Laura Poitras isn’t waiting for traditional media to tell the stories that will change the world. One year after co-founding Field of Vision, the visual journalism unit of First Look Media, Poitras and co-founders AJ Schnack and Charlotte Cook are doubling down on their efforts to commission original works of nonfiction that address global events.
While Poitras will be leaving The Intercept, the journalism outfit co-founded by Glenn Greenwald and Jeremy Scahill, to focus on expanding Field of Vision, her day-to-day work of commissioning films and short form work will not change, and the two organizations will continue their collaboration on nonfiction storytelling. Field of Vision commissioned 22 nonfiction shorts, three episodic series and two feature-length documentaries in its first year, but Poitras and her team are working to expand their collaborations with filmmakers, reporters and newsrooms to support the creation of even more original content in its second year. One of the first steps was Field Of Vision’s launch of a new website earlier this week, the centerpiece of which is SecureDrop, an online platform where individuals can anonymously leak newsworthy images and videos.
“I think we’re the first news organization that has said we really want to focus on images,” Poitras told IndieWire in an interview this week. “There is a way that images can shake a consciousness around issues, and I think we’ve seen that in terms of the police shootings of unarmed civilians or if we go back to the Abu Ghraib photographs. Without those visual documents, we wouldn’t be having those conversations about abuses of power.”

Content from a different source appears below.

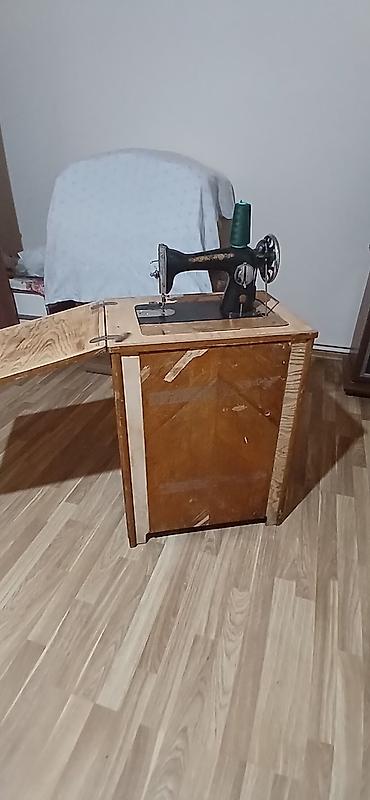 İncəsənət və kolleksiyalar: Masa tipli ayaq pedallı tikiş maşını və taxta dolablı iş masası — 3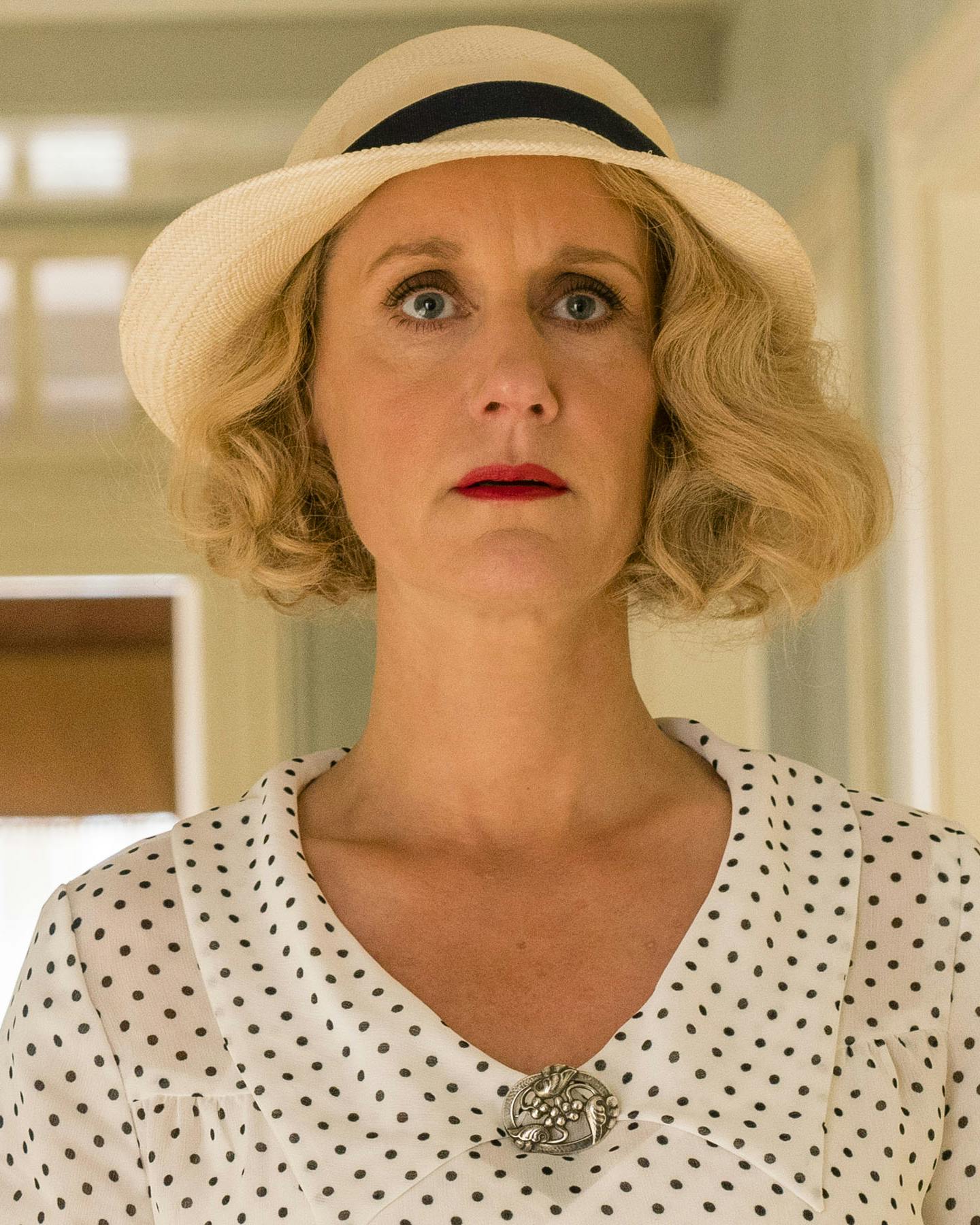 Anette Støvelbæk spiller Fru Frigh i Badehotellet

On top of gathering more visual documents and telling more stories in year two, Field of Vision will work with international distribution platforms to reach more viewers around the world. “Getting to a bigger audience is what drives us,” said Cook. “We’re really just focusing on how we get these stories out to as many people as possible.”
Another way Poitras wants to ramp up the group’s information gathering efforts is by being more aggressive with Freedom of Information Act requests around video footage of abuses of power. All three co-founders believe that shining a brighter light on stories depicting abuses of power around the world will help affect more change.
Field of Vision kicked off its fall season with a collaboration between Schnack and The New Yorker on an updated version of the 16-minute “Speaking is Difficult,” which now includes the mass shootings in Orlando and Dallas; “The Surrender,” Stephen Maing’s Emmy-nominated 33-minute short about a top level State Department intelligence analyst who went to prison under the Espionage Act; and by republishing “The Journey,” Matthew Cassel’s six-part series on Syrian refugees that originally premiered on NewYorker.com.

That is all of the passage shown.